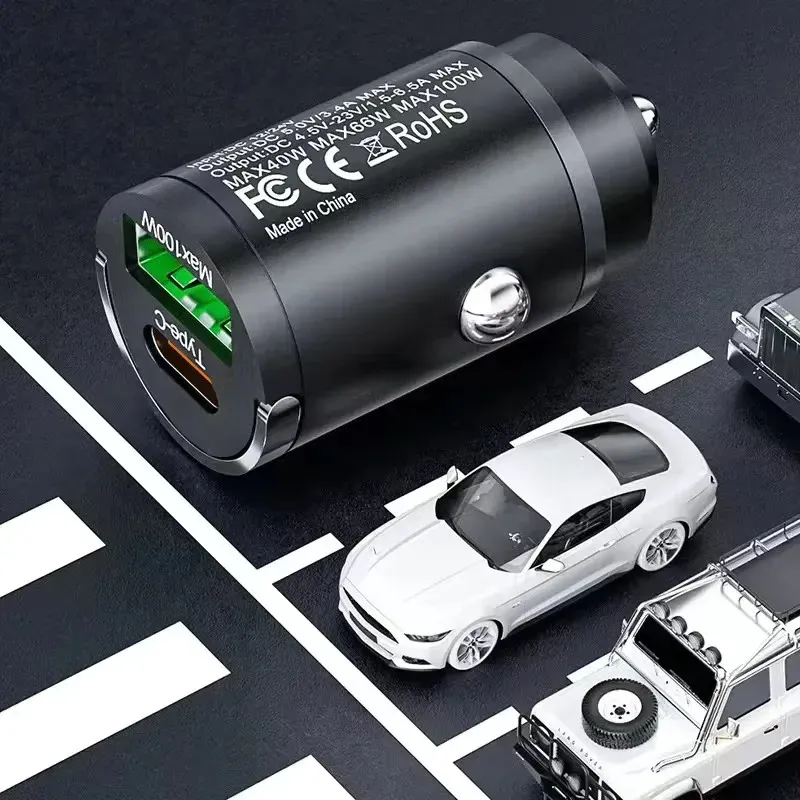 Chargeur de voiture USB-C 100 W à charge rapide, double port, compatible Xiaomi, Samsung et Huawei 2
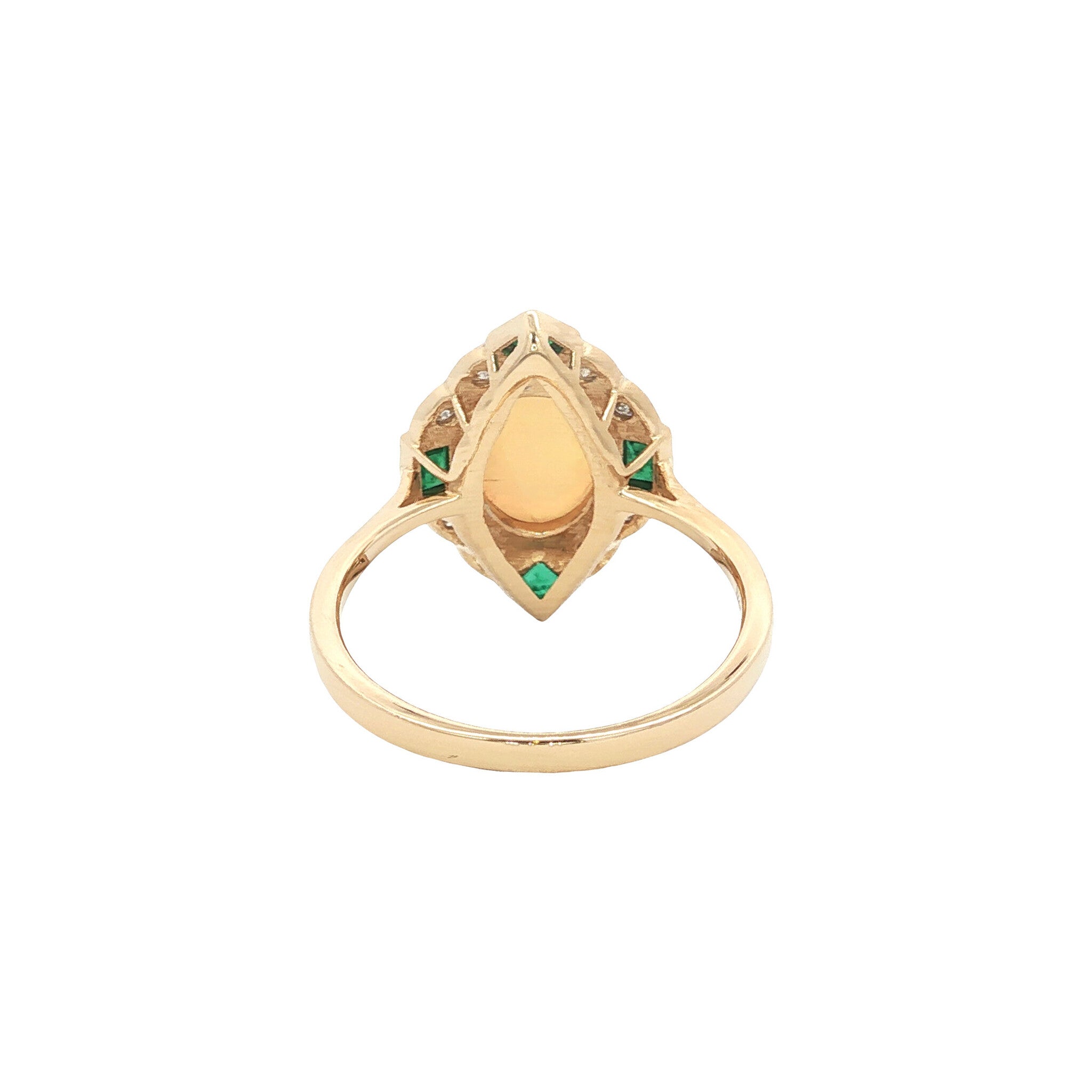 Gold ring with opal, emerald and diamond 14 kt
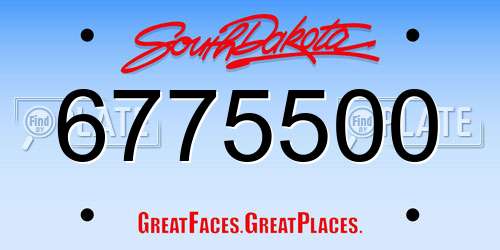 6775500 South Dakota License Plate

* Problem to work on: Setting the pictures aside, return exactly the lines from the line with "Gold ring with" through the last line of the listing above.

* Written response:
 Gold ring with opal, emerald and diamond 14 kt
 6775500 South Dakota License Plate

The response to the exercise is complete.